I’ve always been an avid reader, but when I was a kid scholastic assignments felt like unwarranted punishment: you were told to, essentially, memorize some (ultimately) useless chunk of carefully-worded factoids from a school textbook, then regurgitate — on command and within a set time limit — only the most incidental details (e.g. names and dates rather than motivations or ideals) of said assignment. If you were lucky you were offered the chance to evade pontification about, say, the involvement of American corporations with Nazi Germany during World War II or Columbus’ big “discovery”, with a list of multiple choices that could allow you to pick an answer based on the process of elimination.

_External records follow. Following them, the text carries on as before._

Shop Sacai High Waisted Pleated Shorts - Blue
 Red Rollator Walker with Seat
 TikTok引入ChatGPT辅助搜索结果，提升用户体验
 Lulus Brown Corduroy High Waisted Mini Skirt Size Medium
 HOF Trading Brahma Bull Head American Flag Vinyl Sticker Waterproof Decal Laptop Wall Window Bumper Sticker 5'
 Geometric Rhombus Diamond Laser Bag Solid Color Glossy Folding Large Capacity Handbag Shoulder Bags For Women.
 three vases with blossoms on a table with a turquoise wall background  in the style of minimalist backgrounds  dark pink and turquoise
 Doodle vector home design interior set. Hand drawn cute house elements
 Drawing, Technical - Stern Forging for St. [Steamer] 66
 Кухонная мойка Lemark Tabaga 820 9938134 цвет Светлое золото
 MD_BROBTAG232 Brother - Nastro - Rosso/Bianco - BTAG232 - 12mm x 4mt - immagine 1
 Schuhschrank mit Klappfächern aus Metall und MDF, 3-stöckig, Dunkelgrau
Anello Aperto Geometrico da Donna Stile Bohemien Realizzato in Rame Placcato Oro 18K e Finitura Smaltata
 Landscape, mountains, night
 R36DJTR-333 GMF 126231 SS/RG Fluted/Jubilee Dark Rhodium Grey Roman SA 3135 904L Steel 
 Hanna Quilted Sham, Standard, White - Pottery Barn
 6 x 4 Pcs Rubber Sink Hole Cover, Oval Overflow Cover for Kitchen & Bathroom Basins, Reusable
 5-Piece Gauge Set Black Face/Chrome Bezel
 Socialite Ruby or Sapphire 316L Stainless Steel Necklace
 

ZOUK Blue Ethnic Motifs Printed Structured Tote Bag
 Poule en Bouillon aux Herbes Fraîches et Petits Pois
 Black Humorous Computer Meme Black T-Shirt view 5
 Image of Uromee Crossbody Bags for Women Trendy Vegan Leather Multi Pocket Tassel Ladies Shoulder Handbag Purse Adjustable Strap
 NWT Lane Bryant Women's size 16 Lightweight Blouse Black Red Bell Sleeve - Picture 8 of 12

Then, there was the summer reading assignment to kick off the end of the school year with the issuance of a tome that served to remind you that summer vacation — the Holy Trinity of the calendar year — wouldn’t, in fact, last forever and soon enough you’d be back at your desk, learning about all kinds of stuff you’ll never use later in life.
All that time reading all that stuff, spitting it back out just the way you’re told so you can finish school and get a good job, right?
Flash forward 20 or so years and maybe you feel like you did learn something in school, after all.
You’re sitting at your desk, obediently performing what seems like an endless series of meaningless tasks. All you want — again — is a pat on the head from the authority figure in charge of the roomful of unquestioning cogs who are too busy navigating a shifting landscape of often logic-defying chores to reflect on what they’re really capable of doing. Another day spent in the company of variations on your former classmates: friends by circumstance, sharing the commonality of wanting to be somewhere — someone — else. Another day you’ve left your home only to fritter away the majority of that day trying to get back home with a metaphorically heavier wallet.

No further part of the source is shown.